■ **Goal of the exercise**:
Please make an exact copy of the lines from the one holding "Casa à venda com 421m², 3 quartos e 4 vagas" through the end of the data, both ends included, with no pictures.

■ **Supplied data**:
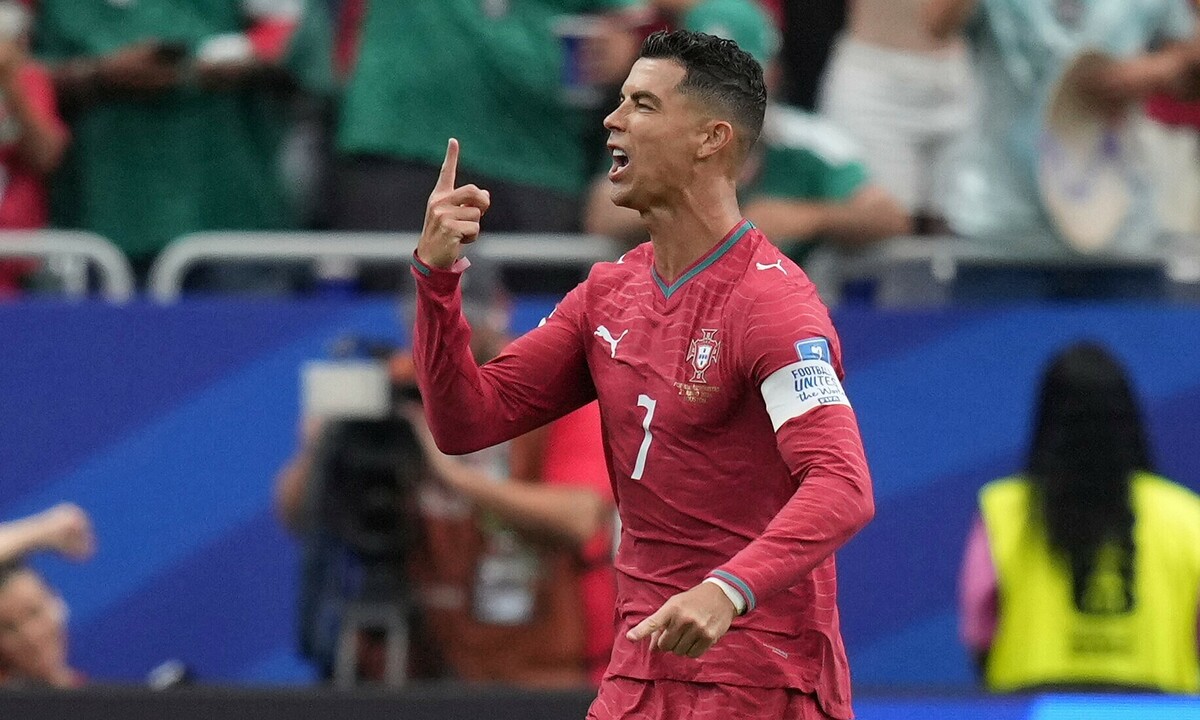 Ronaldo lập kỷ lục World Cup: Cơ hội trải nghiệm AU88 baccarat cùng huyền thoại - hình ảnh - betau88.vip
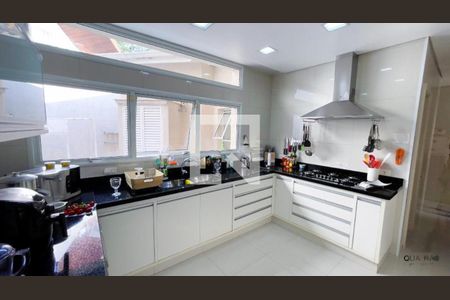 Casa à venda com 421m², 3 quartos e 4 vagas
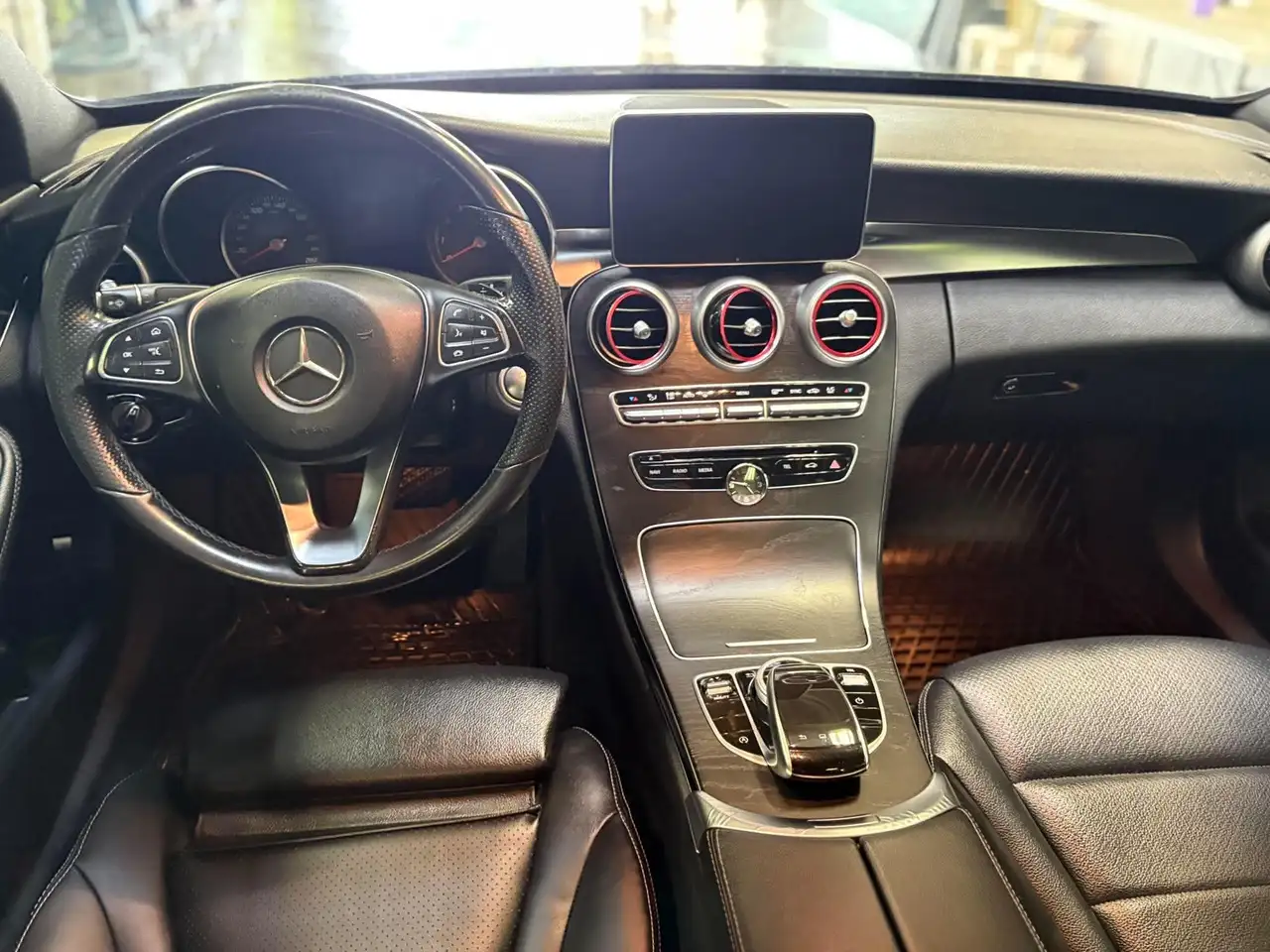 Mercedes-Benz C-Class снимка Mercedes-Benz C-Class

■ **Result of the task**:
 Casa à venda com 421m², 3 quartos e 4 vagas
 Mercedes-Benz C-Class снимка Mercedes-Benz C-Class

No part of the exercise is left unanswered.